INFORMATION SUPPLIED:
┌──

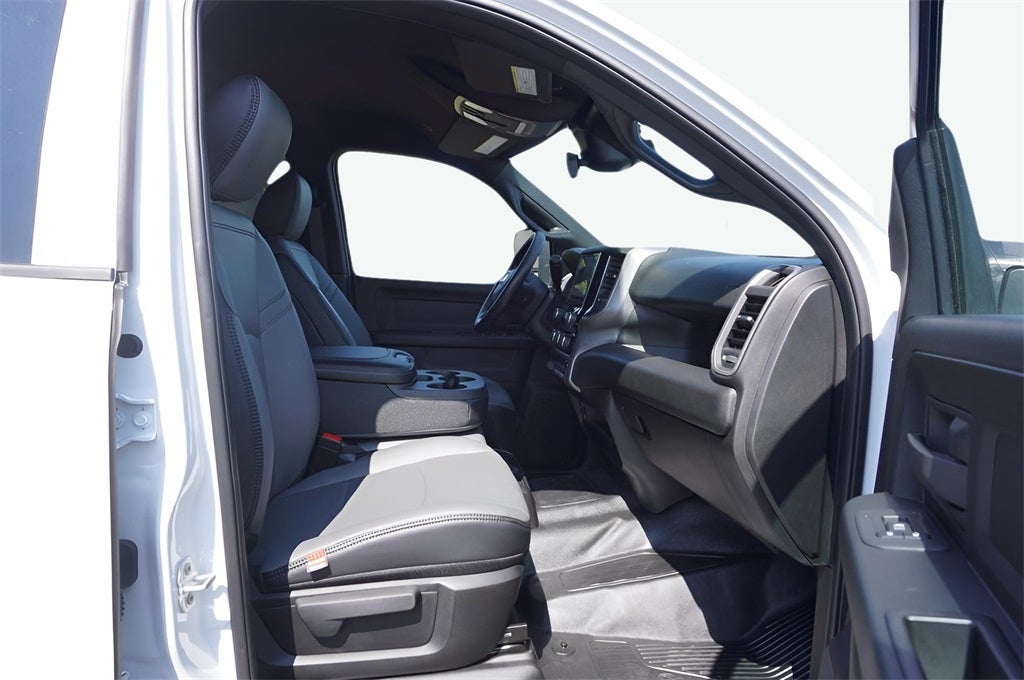 2026 RAM Ram 5500 Chassis Cab RAM 5500 TRADESMAN CHASSIS CREW CAB 4X4 84' CA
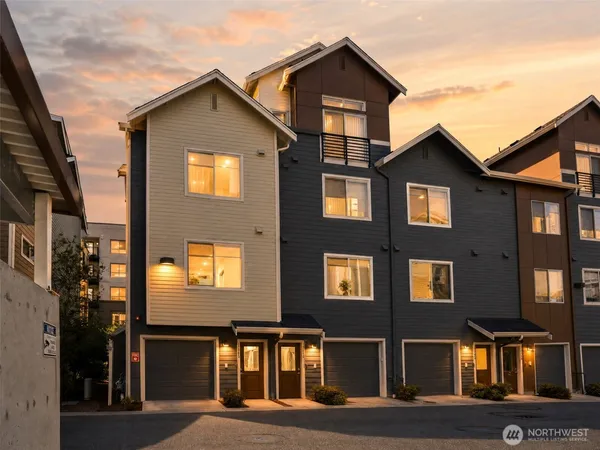 $997,500 | 15865 Northeast 14th Road, Bellevue, WA 98008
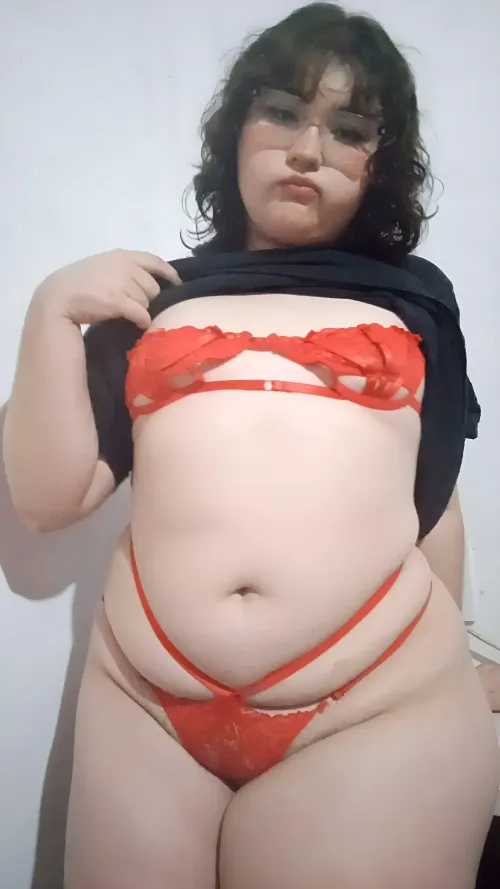 red looks good on me :3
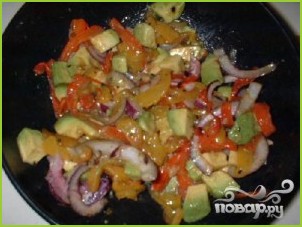 Крабовый салат с авокадо - фото шаг 4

└──

WORK ITEM:
Return the data exactly. Do not carry over any images.

ANSWER FOR THIS EXERCISE:
 2026 RAM Ram 5500 Chassis Cab RAM 5500 TRADESMAN CHASSIS CREW CAB 4X4 84' CA
 $997,500 | 15865 Northeast 14th Road, Bellevue, WA 98008
 red looks good on me :3
 Крабовый салат с авокадо - фото шаг 4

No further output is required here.